She emphasizes network, stressing that to build a system that is truly efficient, easy to use and affordable, the designer must be able to assemble disparate bits of technology into a streamlined whole. Buying individual components and trying to pull them all together himself is akin to a car shopper buying separate systems from different manufacturers, then trying to make them all work together in a single vehicle.
A holistic network designed by a pro ensures that all components will work together and that a homeowner will be prepared for advances in technology, especially the movement toward delivery of nearly all media via computer download.
“You can’t really achieve that smoothly or easily without designing for it,” Colgan says. “It opens up possibilities that were never there before. I think now of all of the technology I put into a house as a system, more like when you put your heating and air conditioning in. It’s best to get in when a home is being designed and built. The next best is when someone is doing a significant remodeling project.”

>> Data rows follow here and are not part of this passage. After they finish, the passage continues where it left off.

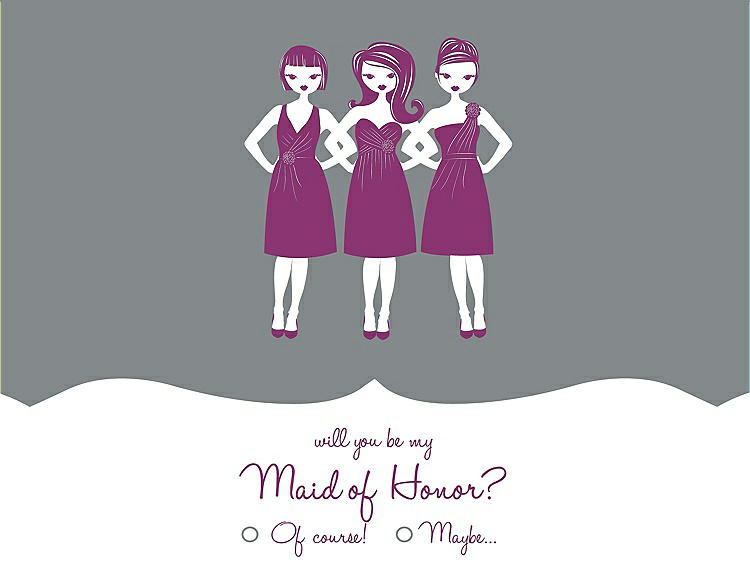 Front View - Pewter & Persian Plum Will You Be My Maid of Honor Card - Girls Checkbox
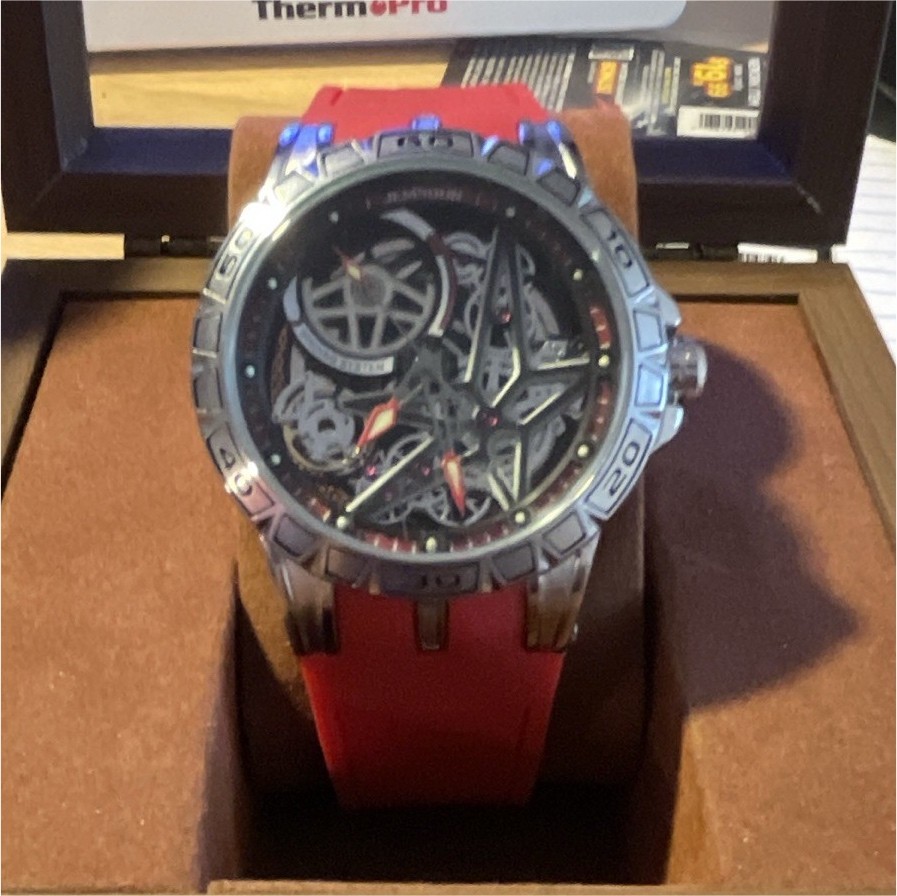 AUTO Skeleton Dial Analog Black/Silver Dial Red Two-Piece Strap w/ Box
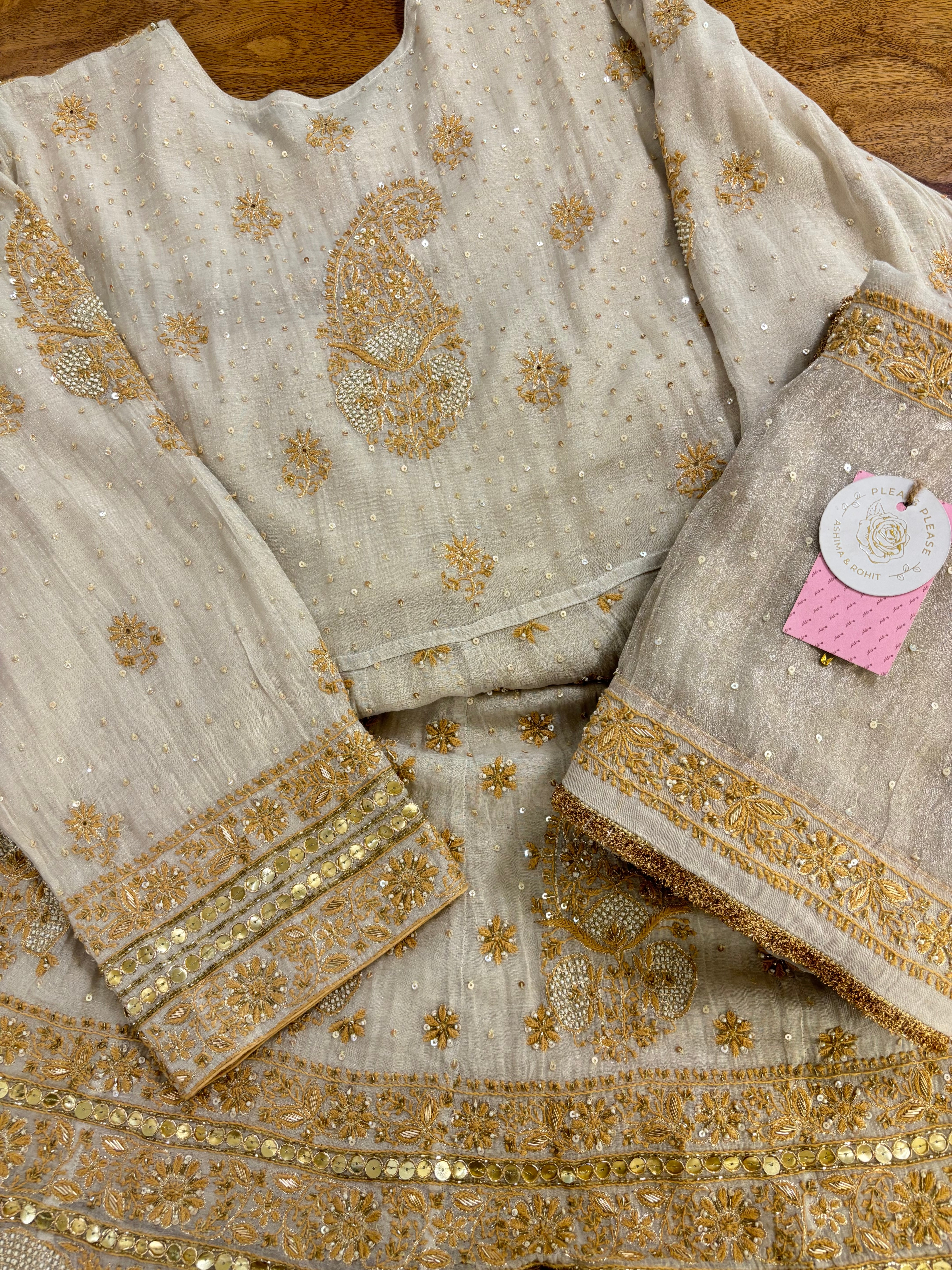 Dyeable Pure & Premium Tissue Chikankari Anarkali & Dupatta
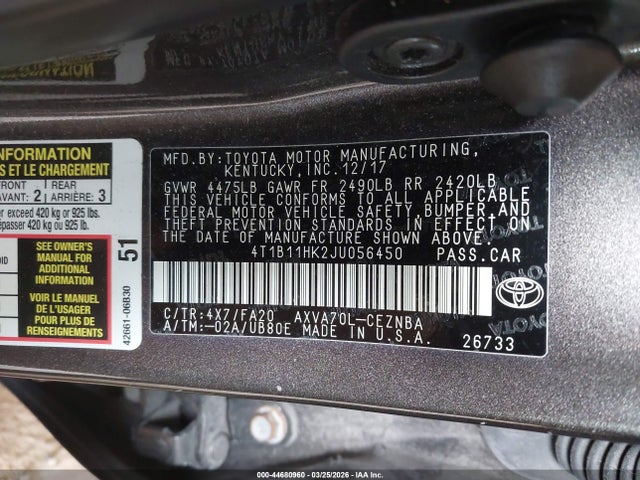 Aukcja sprzedaży 2018 Toyota Camry Le, vin: 4T1B11HK2JU056450, numer aukcji: 44680960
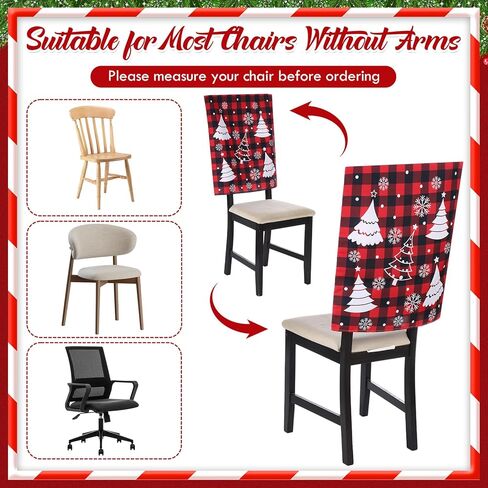 6 Pcs Christmas Chair Covers Winter Xmas Tree Snowflake Elk Dining Room Seat Covers for Home Hotel Kitchen Holiday Party Decor(Plaid) in Saudi Arabia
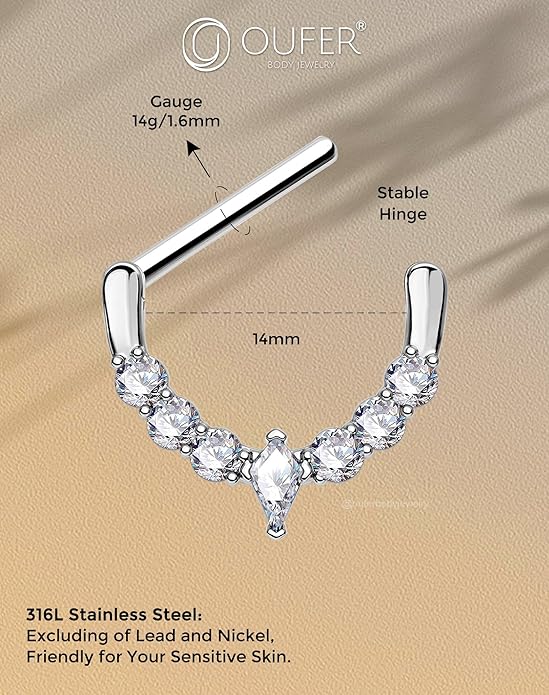 OUFER 2PCS 14G Nipple Piercing Jewelry, 316l Surgical Steel Nipple Rings for Women Men, Clear CZ Hinged Segment Clicker Rings Hoops- Silver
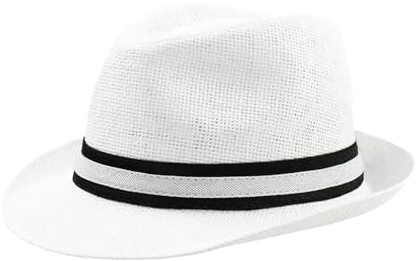 Sombrero Panamá Unisex de Paja para Verano, Transpirable con Banda Decorativa, Protección Solar para Playa, Vacaciones, Viajes, Festival y Uso Diario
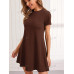 SHEIN LUNE Трикотажное однотонное повседневное платье с круглым вырезом и короткими рукавами, коричневый SHEIN LUNE Трикотажное однотонное повседневное платье с круглым вырезом и короткими рукавами, коричневый
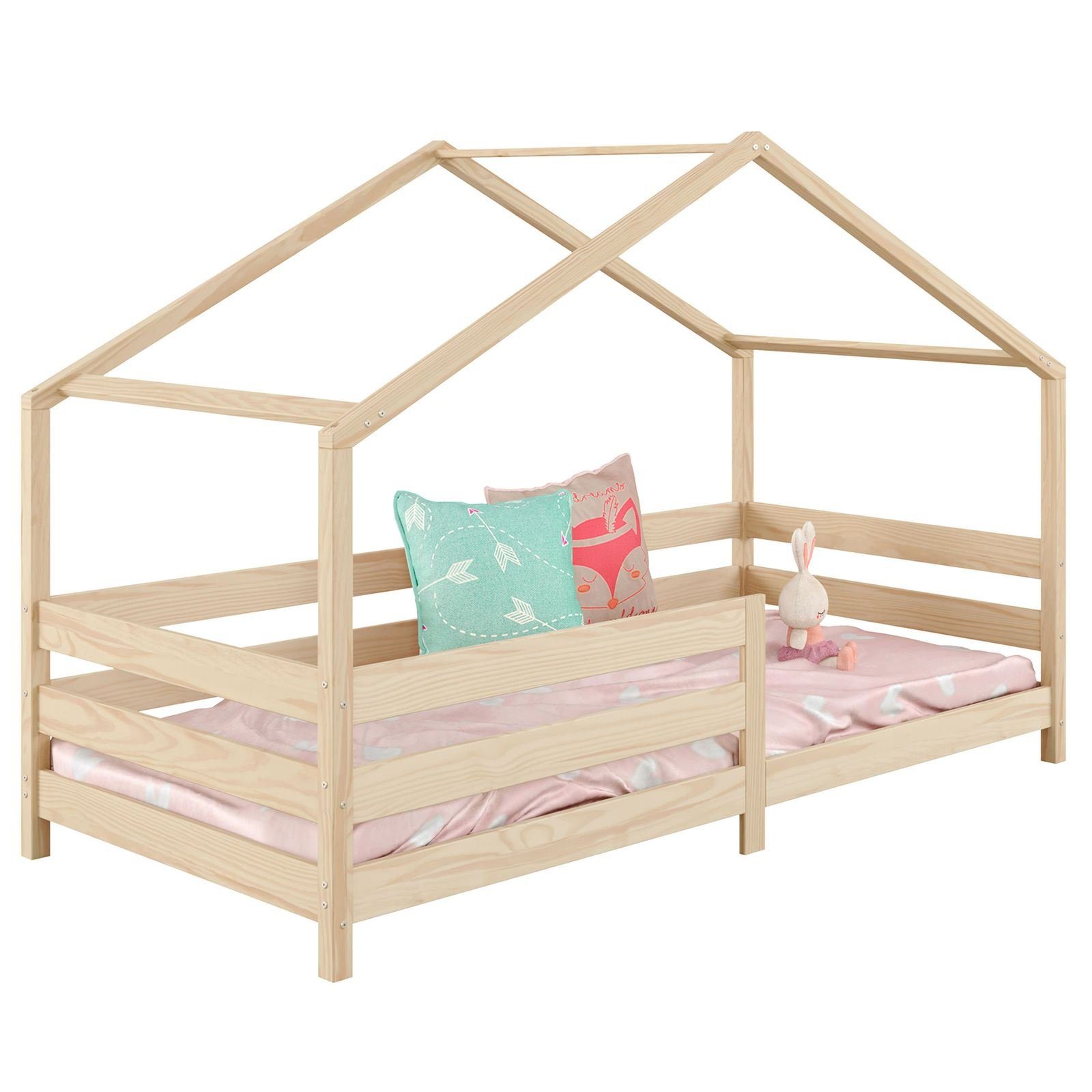 IDIMEX Kinderbett RENA, Hausbett Montessori Bett 90 x 200 Kinderbett Rausfallschutz Kiefer nat natur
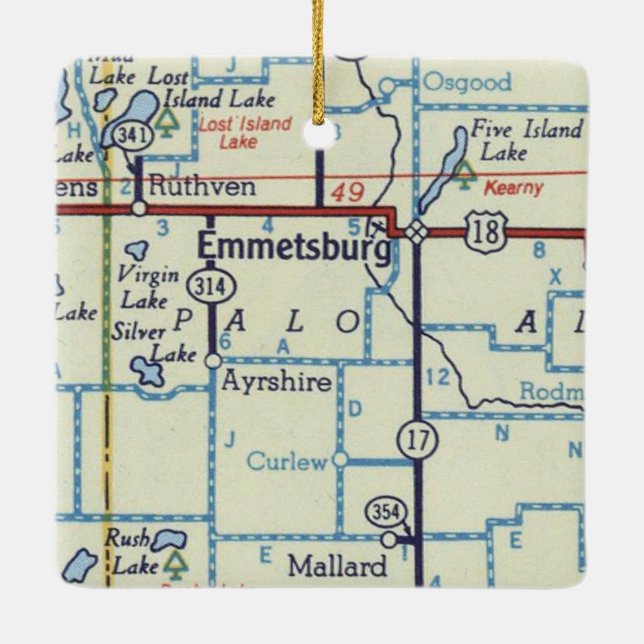 Emmetsburg IA Vintage Map Ceramic Ornament (Back)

Along with technical expertise, Colgan brings an aesthetic sense that helps homeowners make systems as beautiful as they are functional. She straddles a line between the mostly male world of gadgetry and the mostly female desire for a nice home.
“Typically, when we’re working with the millwork people, we’re building cabinets that fit the rooms and that fit the TVs,” she says. “We’re going to put it in so the whole thing comes together to be really beautiful.”
Flat-panel TVs help that simply because of their versatility, she says. “There are so many places these TVs can be hidden now as opposed to having that stupid TV sitting on your breakfast table or on the counter.”
It’s a lot to take in, but Colgan insists that what might now seem like the home of the future will soon be the status quo. In that not-too-distant future, being without basic automation and networking will “be like you don’t have electrical outlets in your house.”